With one in five young mothers lonely “all the time”, it’s time for employers and services to step up.

“Despite having my child with me all the time, I felt very lonely,” says Laura Davies. A member of an advisory panel for the Young Women’s Trust, she had her son age 20. Now, with a new report suggesting that one in five young mums “feels lonely all the time”, she’s sharing her story.

Polling commissioned by the Young Women’s Trust has highlighted the isolation that young motherhood can bring. Of course, getting out and about the same as you did before is never easy once there’s a young child in the picture. For young mothers, however, the situation can be particularly difficult.

According to the report, over a quarter of young mothers leave the house just once a week or less, with some leaving just once a month.

Aside from all the usual challenges – like wrestling a colicky infant into their jacket, or pumping milk for the trip with one hand while making sure no-one is crawling into anything dangerous with the other – young mothers are more likely to suffer from a lack of support network, or to lack the confidence to approach mother-baby groups and other organisations designed to help. In fact, some 68 per cent of young mothers said they had felt unwelcome in a parent and toddler group.

Davies paints what research suggests is a common picture.

“Motherhood had alienated me from my past. While all my friends were off forging a future for themselves, I was under a mountain of baby clothes trying to navigate my new life. Our schedules were different and it became hard to find the time.”

“No one ever tells you that when you have a child you will feel an overwhelming sense of love that you cannot describe, but also an overwhelming sense of loneliness when you realise that your life won’t be the same again.

More than half of 16 to 24-year-olds surveyed said that they felt lonelier since becoming a mother, with more than two-thirds saying they had fewer friends than before. Yet making new friends can be hard, too, especially given the judgement young mothers can face. In fact, 73 per cent of young mothers polled said they’d experienced rudeness or unpleasant behaviour when out with their children in public.

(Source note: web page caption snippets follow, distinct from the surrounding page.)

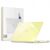 Etui Tech-Protect Softshell na MacBook Neo 13" 2026 - przezroczyste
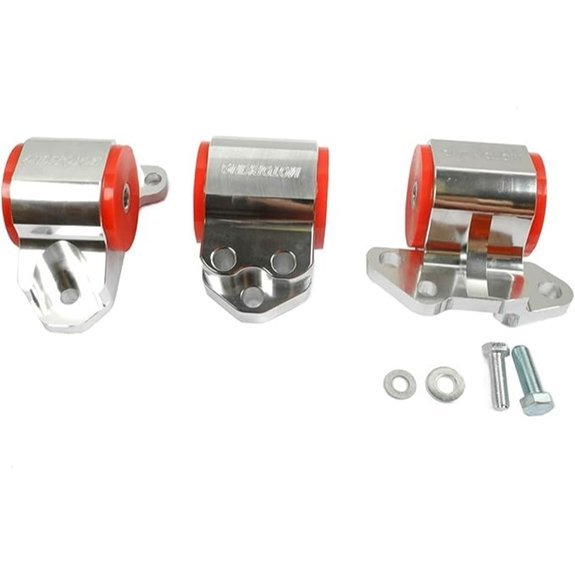 Advance Ignition Engine Swap Mount Kit for Honda Acura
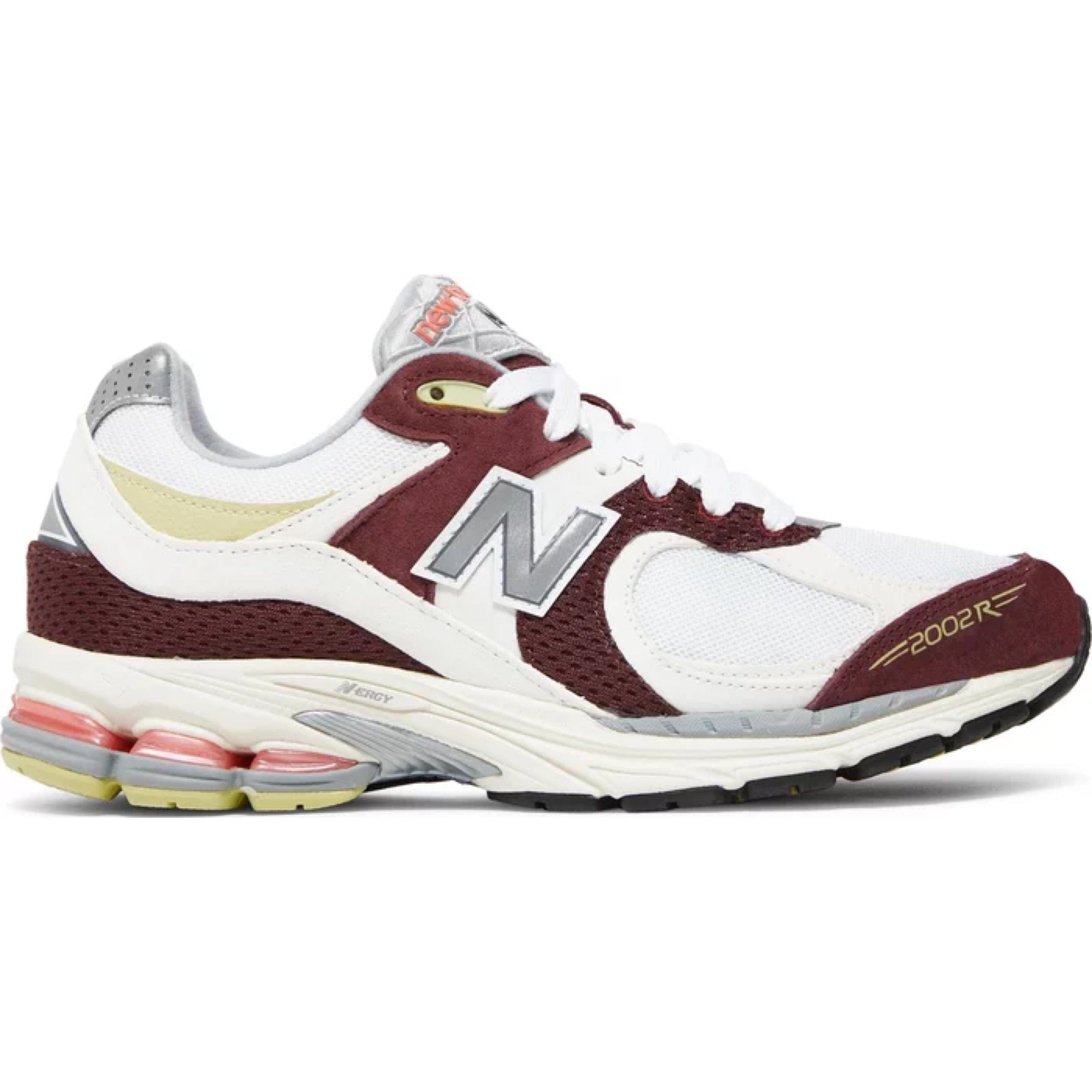 New Balance Up There x New Balance 2002R Backyard Legends II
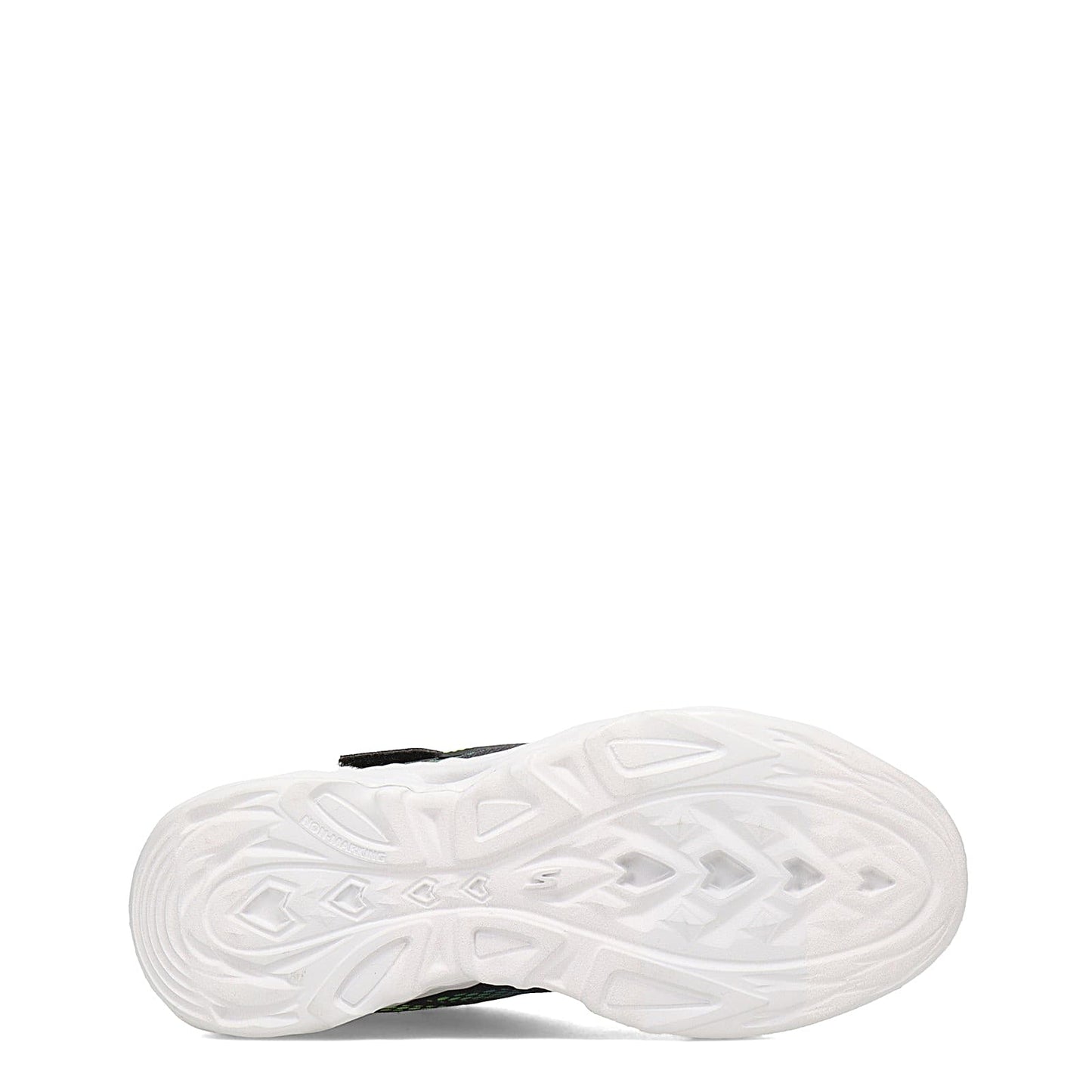 Peltz Shoes  Boy's Skechers S Lights: Vortex-Flash Sneaker - Little Kid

As Davies puts it, “Trying to find mum friends when your self-confidence is at rock bottom is daunting. I found it easier to reach out for support online than meet people face to face. Knowing they couldn’t judge me on my age gave me comfort.”

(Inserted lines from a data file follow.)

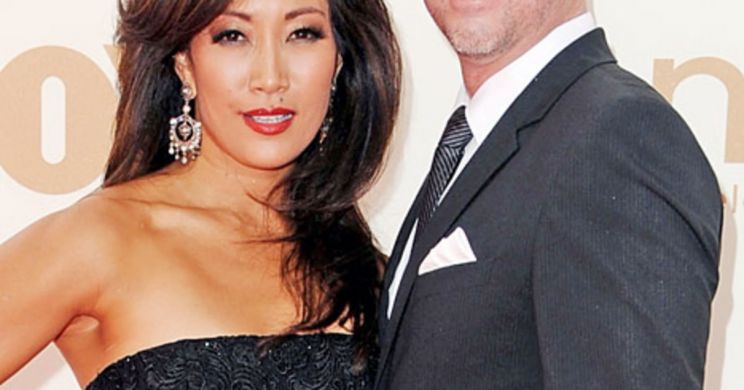 Carrie Ann Inaba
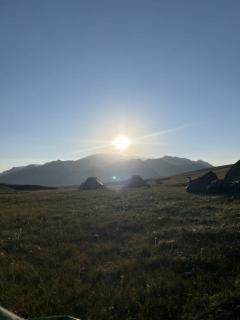 TIAN-SHAN guest house - 4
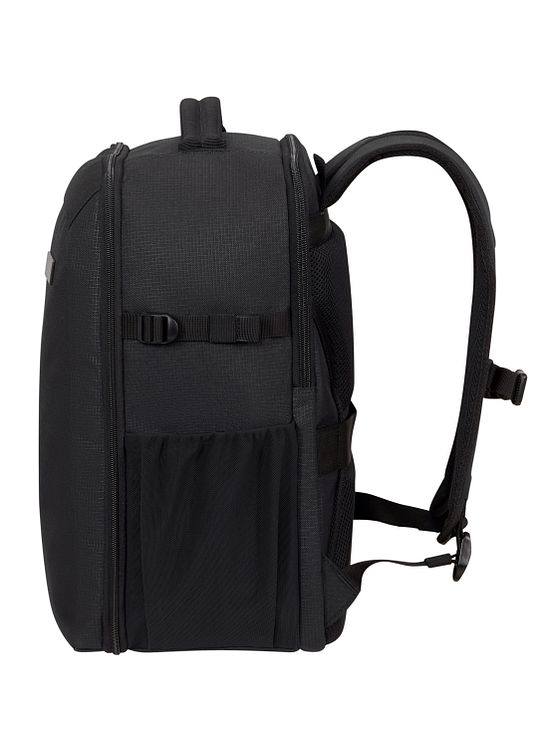 Samsonite Roader rejserygsæk 40 cm med rum til bærbar computer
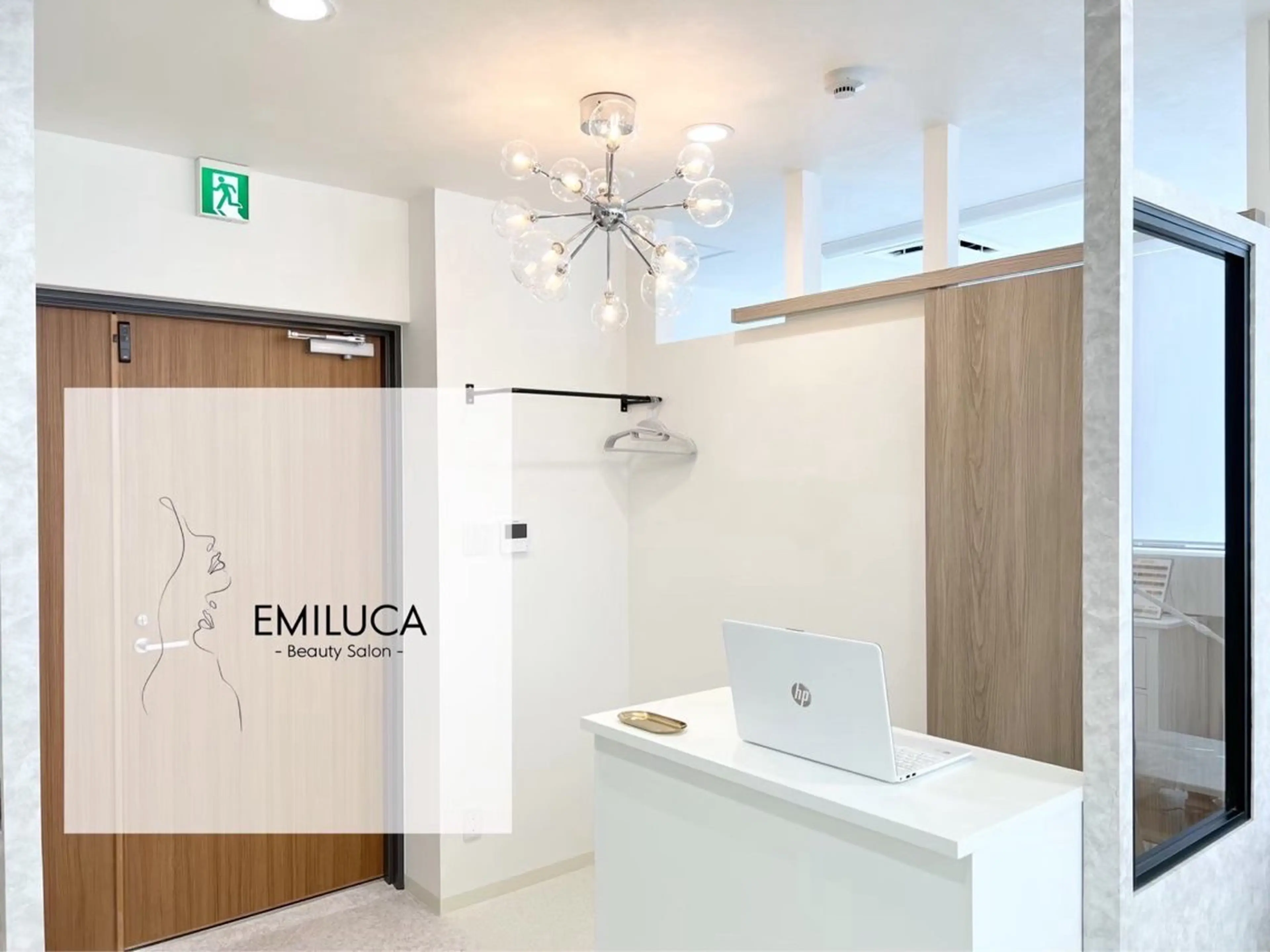 EMILUCA 伊藤のエステ・リラクイメージ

While online support can help, however, loneliness can still become a problem without friends to visit or a workplace to go to. Many young mothers said they would be pleased to go back to work – and would prefer to earn money rather than rely on benefits. After all, typing some invoices, or getting back on the tills, doesn’t just mean a paycheck – it’s also a change to speak to someone old enough to understand the words “type”, “invoice” and “till”.

As Young Women’s Trust chief executive Dr Carole Easton explains, “More support is needed for young mothers who want to work. This could include mentoring to help ease women’s move back into education or employment.”

But mothers going back to work don’t only have to grapple with childcare arrangements, time management and their own self-confidence – they also have to negotiate with employers. Although the 2003 Employment Act introduced the right for parents of young children to apply to work flexibly, there is no obligation for their employer to agree. (Even though 83 per cent of women surveyed by the Young Women’s Trust said flexible hours would help them find secure work, 26 per cent said they had had a request turned down.)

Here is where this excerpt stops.